(RECORDS PROVIDED begins)
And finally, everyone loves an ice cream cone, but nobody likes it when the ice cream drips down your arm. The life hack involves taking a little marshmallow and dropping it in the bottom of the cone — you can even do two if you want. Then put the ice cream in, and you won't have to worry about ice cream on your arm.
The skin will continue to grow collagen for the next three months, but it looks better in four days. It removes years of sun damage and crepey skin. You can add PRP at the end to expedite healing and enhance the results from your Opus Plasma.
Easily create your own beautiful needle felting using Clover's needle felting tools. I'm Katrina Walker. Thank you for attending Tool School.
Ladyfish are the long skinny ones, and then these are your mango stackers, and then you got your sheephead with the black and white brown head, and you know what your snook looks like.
(RECORDS PROVIDED ends)
(RECORDS PROVIDED begins)
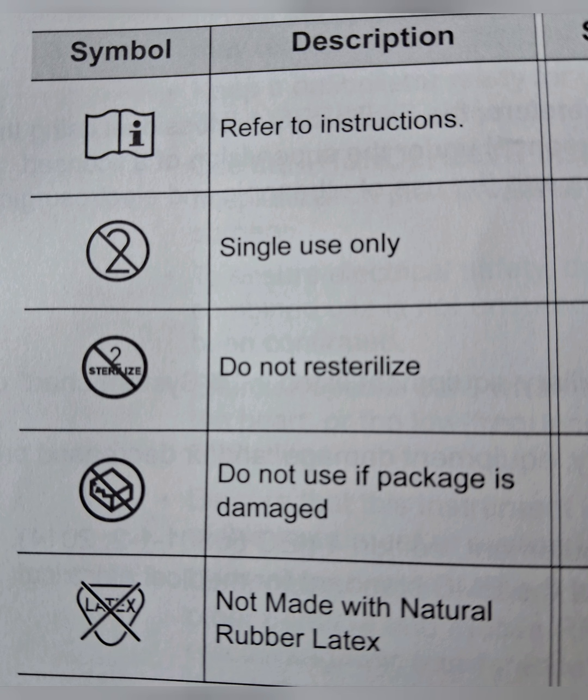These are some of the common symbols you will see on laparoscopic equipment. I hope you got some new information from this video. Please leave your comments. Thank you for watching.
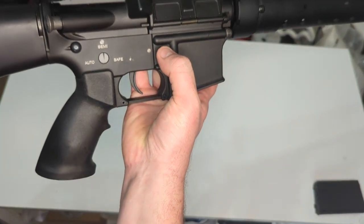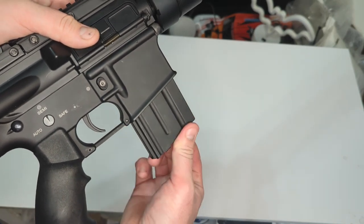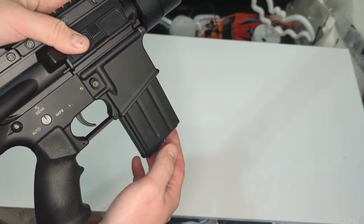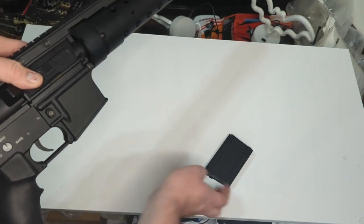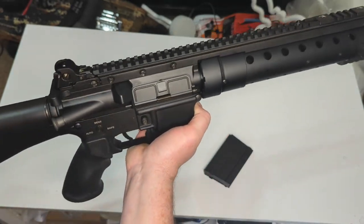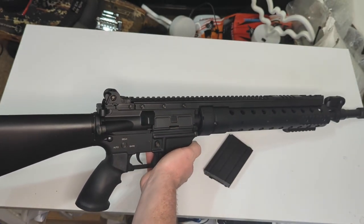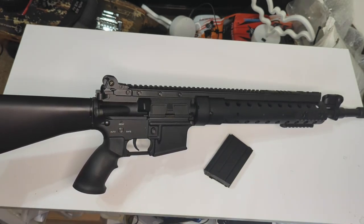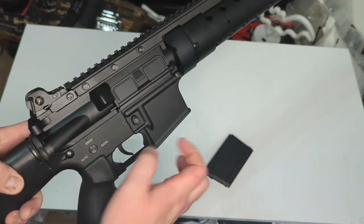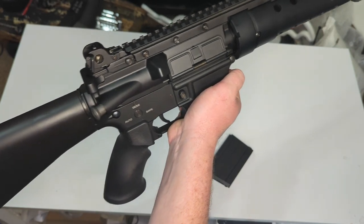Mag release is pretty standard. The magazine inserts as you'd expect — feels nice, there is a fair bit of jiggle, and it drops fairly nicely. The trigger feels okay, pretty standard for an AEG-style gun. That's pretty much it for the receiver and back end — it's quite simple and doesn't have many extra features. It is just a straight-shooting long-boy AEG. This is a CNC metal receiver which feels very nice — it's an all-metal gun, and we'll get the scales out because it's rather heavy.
(RECORDS PROVIDED ends)
* **WHAT IS EXPECTED**
Of the entries above, transcribe exactly those lines that fall between the line containing "Easily create your" and the line containing "Ladyfish are the", together with those two lines.

* **TASK OUTPUT**
Easily create your own beautiful needle felting using Clover's needle felting tools. I'm Katrina Walker. Thank you for attending Tool School.
Ladyfish are the long skinny ones, and then these are your mango stackers, and then you got your sheephead with the black and white brown head, and you know what your snook looks like.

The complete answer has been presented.